Entry Three: I have found that the stone that was used to create this building is unlike anything I've ever seen before in my years of geology. Having resisted all attempts at the strata-bifurcating dowel, I have been unable to acquire even the most meager of samples from the facade. I will now tinker up a means to add some type of added force to the dowel. I am certain this will do the job.

Entry Four: Having devised a small corkscrew to add an automated means of hammering at the obelisk, I was certain I would chip away a piece of rock in no time. Unfortunately, I still haven't even scratched this blackened stone. I now must resort to increasing the power on this pump to a drastic level. I will continue my log of recorded events when I have tinkered a new way of increasing the force of my dowel.

Entry Five: After much tinkering, including adding hastily devised gyroscopes, cylindrical valves, and an external power source comprised of a wheel being turned by the surrounding falls, I have done it! This rock sample is far heavier than it would initially appear. Being no bigger than a large pebble, it weighs about as much as a small elephant. I fear that I will now have to devise a cart to bring this back to my camp.

Entry Six: By boiling the water from the mouth of the waterfall and forcing it through several pipes, I have been able to make a cart that will both move on its own and also support the weight of this odd rock. Fortunately I only have to move the rock two-hundred cogs back to my camp. Any farther and I fear my contraption might not be able to hold out.

Entry Seven: Blast it! I was so close, too! My automatical-cart-traveler was unable to make it the full way. I have spent the better part of today moving my makeshift laboratory to where the cart broke down, five cogs away. I am nearly done, so I should be able to analyze this curious rock. I believe I shall see what levels of conductivity this rock is capable of.
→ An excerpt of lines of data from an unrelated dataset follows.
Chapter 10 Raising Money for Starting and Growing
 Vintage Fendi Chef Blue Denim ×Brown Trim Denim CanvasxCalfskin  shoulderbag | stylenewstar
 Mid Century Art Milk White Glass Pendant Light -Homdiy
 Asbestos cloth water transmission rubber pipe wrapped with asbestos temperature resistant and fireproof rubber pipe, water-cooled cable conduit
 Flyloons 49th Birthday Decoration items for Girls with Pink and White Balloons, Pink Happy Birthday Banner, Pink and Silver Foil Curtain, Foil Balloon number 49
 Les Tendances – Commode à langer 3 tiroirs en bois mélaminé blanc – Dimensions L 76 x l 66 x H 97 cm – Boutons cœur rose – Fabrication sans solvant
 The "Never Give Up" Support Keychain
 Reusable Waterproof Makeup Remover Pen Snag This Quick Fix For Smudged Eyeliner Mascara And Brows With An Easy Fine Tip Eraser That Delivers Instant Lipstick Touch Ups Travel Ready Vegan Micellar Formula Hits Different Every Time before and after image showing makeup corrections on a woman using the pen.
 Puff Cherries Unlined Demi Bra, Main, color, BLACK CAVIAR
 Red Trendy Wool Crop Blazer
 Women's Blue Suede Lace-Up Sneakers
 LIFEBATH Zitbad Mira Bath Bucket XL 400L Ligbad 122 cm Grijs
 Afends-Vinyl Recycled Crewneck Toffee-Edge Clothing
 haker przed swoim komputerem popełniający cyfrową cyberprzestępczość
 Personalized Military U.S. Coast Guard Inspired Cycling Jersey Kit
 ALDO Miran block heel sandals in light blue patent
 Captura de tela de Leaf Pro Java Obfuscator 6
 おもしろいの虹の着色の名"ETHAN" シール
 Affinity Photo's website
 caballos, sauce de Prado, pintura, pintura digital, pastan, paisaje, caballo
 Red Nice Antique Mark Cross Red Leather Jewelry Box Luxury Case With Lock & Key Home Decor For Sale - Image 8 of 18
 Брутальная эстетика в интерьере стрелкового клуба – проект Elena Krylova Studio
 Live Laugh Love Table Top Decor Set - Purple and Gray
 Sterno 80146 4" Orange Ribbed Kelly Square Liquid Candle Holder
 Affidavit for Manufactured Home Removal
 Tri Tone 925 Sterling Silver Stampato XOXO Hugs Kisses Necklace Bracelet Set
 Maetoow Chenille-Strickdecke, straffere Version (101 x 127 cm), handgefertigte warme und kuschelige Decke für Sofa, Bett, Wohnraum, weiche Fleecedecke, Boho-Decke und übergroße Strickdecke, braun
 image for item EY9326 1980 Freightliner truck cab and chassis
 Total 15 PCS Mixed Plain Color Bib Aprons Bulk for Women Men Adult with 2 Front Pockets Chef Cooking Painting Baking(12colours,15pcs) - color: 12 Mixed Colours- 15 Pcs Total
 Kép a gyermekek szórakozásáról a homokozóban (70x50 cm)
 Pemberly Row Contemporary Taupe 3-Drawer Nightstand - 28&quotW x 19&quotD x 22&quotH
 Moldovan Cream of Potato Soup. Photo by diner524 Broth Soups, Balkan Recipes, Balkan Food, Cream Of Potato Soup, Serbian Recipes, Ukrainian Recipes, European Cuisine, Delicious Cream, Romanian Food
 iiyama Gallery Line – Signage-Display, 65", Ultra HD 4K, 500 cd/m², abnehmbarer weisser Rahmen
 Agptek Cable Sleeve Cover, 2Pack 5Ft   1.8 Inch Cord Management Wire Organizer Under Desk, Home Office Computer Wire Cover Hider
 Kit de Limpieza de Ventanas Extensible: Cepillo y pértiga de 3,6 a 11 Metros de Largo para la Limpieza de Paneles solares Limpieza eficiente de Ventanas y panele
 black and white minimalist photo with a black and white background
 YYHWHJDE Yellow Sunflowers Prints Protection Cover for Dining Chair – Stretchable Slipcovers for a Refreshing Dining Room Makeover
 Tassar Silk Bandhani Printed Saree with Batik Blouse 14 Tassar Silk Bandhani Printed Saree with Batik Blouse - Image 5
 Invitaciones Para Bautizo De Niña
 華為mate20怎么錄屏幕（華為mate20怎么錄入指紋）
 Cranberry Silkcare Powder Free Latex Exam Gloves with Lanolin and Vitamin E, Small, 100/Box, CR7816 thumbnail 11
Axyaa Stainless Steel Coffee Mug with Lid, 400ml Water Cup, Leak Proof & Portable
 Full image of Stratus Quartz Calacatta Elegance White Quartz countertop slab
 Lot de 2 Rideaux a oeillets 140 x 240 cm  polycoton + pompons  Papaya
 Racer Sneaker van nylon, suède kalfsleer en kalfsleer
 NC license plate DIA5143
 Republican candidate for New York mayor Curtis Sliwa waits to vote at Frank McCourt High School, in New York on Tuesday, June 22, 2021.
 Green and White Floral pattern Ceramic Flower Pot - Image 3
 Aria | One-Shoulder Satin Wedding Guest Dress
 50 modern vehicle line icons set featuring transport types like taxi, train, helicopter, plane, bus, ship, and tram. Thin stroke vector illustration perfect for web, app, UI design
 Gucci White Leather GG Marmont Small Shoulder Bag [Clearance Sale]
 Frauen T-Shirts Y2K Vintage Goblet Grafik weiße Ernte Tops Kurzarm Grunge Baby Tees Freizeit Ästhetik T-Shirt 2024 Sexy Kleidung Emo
Entry Eight: Important note - do not artificially supply forms of electricity to this rock, which I am now calling obeliscore. Using a jury-rigged Akanon's Ladder, I introduced some portable lightning to the rock. At first I believed it had suffused the lightning. I was shocked to see that it not only absorbed it, but apparently could not contain it for long. A moment later it released the charge in the direction of my valuable equipment. I must now see what can be salvaged.

Entry Nine: I was unable to recover much of my equipment. Fortunately, I was able to get my portable Keg-er-ator back online, but to my misfortune, one of the hoses burst. I was unaware that it was blowing heat-absent air directly on the stone for quite a while. When I stopped it from doing so, the cold discharged in such an intensity that it froze everything within a hundred cogs. I write this with great difficulty, now missing several fingers, a few toes, and the tip of my nose due to that horrible release of arctic air.

Entry Ten: Though I have already lost several digits, and even more importantly, my equipment to this pebble, I cannot leave it behind without recording the full effects of the stone's properties. Chopping down a number of trees, I am about to light a very large bonfire on top of the stone. I am quite curious to see how much heat will be discharged after it has had time to absorb several hours worth of fire. I'm looking forward to recording my findings in this journal once I have returned from the bonfire.